O'Banion's Bar
- Interactive map of O'Banion's Bar
- Address: 661 N. Clark St.
- Location: Chicago, Illinois
- Coordinates: 41°53′39.1″N 87°37′51.6″W﻿ / ﻿41.894194°N 87.631000°W
- Type: Nightclub

Construction
- Opened: 1978
- Closed: 1982

= O'Banion's =

O'Banion's was a nightclub located at 661 N. Clark St. in Chicago's River North neighborhood. Named for Chicago Irish gangster Dion O'Banion, it was established in June 1978, inside what had formerly been McGovern’s Saloon (itself an infamous Chicago gangster bar where a young O'Banion had performed as a singing waiter) as well as a series of strip clubs and gay bars. Chicago's first Punk club Le Mer Viper had burned down two months prior, and O'Banion's began to form the epicenter of the city's early punk scene in what was then a notorious skid row area as well as hire many of the former employees of Le Mer Viper.

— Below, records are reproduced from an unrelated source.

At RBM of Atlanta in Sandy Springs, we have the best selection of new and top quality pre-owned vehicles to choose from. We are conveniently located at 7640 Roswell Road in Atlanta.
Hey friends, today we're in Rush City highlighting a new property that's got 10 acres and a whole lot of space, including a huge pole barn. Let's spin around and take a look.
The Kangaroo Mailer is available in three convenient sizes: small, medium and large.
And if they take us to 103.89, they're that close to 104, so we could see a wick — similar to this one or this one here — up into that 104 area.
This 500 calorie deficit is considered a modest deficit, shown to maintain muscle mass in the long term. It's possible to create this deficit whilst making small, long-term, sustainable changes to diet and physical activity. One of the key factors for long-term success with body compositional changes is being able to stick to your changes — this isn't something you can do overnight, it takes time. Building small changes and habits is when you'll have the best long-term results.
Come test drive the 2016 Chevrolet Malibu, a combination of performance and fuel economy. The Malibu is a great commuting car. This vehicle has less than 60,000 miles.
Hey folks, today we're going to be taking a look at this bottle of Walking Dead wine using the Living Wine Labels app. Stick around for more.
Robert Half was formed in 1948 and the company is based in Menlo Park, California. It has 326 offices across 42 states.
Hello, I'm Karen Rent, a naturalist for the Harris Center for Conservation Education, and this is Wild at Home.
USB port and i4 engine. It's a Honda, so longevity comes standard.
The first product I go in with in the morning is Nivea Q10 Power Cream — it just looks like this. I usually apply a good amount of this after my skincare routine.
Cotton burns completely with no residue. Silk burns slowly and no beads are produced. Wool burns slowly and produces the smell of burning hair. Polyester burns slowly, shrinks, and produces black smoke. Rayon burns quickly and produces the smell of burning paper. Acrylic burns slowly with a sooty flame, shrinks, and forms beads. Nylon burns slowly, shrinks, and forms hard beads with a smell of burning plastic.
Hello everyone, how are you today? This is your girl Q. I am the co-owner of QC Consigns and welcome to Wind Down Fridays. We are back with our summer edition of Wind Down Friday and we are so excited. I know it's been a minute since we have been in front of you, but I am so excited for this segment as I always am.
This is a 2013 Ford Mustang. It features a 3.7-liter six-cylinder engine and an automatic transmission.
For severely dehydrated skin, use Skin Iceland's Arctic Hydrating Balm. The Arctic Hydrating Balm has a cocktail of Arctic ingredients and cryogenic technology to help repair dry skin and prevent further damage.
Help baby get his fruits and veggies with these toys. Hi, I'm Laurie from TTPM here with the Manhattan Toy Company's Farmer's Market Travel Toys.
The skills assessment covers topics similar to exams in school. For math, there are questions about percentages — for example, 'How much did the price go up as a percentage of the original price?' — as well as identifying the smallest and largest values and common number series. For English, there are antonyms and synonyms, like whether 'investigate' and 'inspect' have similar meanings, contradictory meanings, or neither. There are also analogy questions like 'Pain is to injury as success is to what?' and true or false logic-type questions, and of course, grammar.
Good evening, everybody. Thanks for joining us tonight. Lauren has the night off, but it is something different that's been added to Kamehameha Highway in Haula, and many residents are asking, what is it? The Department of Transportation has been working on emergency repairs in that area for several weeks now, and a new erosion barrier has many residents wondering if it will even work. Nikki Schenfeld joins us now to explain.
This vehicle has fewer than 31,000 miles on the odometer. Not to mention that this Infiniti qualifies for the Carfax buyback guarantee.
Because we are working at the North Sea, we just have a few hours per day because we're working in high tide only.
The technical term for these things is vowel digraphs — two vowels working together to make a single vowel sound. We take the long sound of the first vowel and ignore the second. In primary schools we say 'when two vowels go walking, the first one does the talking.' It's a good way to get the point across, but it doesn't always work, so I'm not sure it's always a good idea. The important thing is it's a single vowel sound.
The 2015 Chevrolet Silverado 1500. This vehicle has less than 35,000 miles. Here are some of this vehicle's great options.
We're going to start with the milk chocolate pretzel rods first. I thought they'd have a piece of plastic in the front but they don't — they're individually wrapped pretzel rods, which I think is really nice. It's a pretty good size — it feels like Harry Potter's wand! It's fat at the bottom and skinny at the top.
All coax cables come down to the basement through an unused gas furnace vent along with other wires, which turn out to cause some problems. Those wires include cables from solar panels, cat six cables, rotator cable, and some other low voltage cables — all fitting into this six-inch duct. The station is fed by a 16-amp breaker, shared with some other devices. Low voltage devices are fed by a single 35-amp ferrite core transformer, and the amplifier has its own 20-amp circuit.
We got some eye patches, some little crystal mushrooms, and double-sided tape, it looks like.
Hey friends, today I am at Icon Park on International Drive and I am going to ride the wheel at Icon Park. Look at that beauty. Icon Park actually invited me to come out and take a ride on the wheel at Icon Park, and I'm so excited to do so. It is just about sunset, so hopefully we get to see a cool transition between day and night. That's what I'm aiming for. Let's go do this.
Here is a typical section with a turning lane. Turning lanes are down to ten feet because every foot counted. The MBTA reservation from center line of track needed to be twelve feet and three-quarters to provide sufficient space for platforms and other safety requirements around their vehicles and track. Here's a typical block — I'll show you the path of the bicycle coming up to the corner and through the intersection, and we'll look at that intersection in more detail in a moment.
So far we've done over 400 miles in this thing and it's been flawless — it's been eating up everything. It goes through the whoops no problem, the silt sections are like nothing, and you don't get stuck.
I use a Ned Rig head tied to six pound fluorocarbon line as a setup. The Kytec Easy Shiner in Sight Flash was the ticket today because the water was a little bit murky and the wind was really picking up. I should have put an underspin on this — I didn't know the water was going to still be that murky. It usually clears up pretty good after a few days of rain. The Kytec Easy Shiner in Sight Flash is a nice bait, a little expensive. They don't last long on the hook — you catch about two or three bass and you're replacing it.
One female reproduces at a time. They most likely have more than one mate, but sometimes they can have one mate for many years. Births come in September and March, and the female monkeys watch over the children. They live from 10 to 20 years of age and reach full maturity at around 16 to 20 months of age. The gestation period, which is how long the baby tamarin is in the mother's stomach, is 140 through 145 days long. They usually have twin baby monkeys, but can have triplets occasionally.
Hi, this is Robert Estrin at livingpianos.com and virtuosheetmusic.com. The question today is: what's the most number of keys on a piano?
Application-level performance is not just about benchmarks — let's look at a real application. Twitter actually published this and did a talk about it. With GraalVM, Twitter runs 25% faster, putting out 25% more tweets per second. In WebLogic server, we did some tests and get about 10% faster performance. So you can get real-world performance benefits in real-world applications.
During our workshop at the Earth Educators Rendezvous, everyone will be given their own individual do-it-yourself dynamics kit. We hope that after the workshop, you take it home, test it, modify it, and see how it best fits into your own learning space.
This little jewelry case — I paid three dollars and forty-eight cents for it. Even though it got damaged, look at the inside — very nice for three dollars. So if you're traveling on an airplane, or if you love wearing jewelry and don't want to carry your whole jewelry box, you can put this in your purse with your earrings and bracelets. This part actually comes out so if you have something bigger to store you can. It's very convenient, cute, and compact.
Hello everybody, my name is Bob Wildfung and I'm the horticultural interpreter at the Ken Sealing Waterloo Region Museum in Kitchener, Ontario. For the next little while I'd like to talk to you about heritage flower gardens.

The club promoted shows by national-touring acts including Toxic Reasons, Hüsker Dü, The Replacements, and Dead Kennedys. Additionally, numerous bands from Chicago's own music scene began playing shows there before achieving wider success, including Naked Raygun, Strike Under, Ministry, and Skafish.

In 1979, the club began hosting newly popular new wave bands after a series of difficulties with their earlier clientele, but owner Rus Cramsie closed the venue in 1982 after encountering financial difficulties.

The building was eventually renovated into The Kerryman bar and restaurant as River North began to gentrify in the 1990s.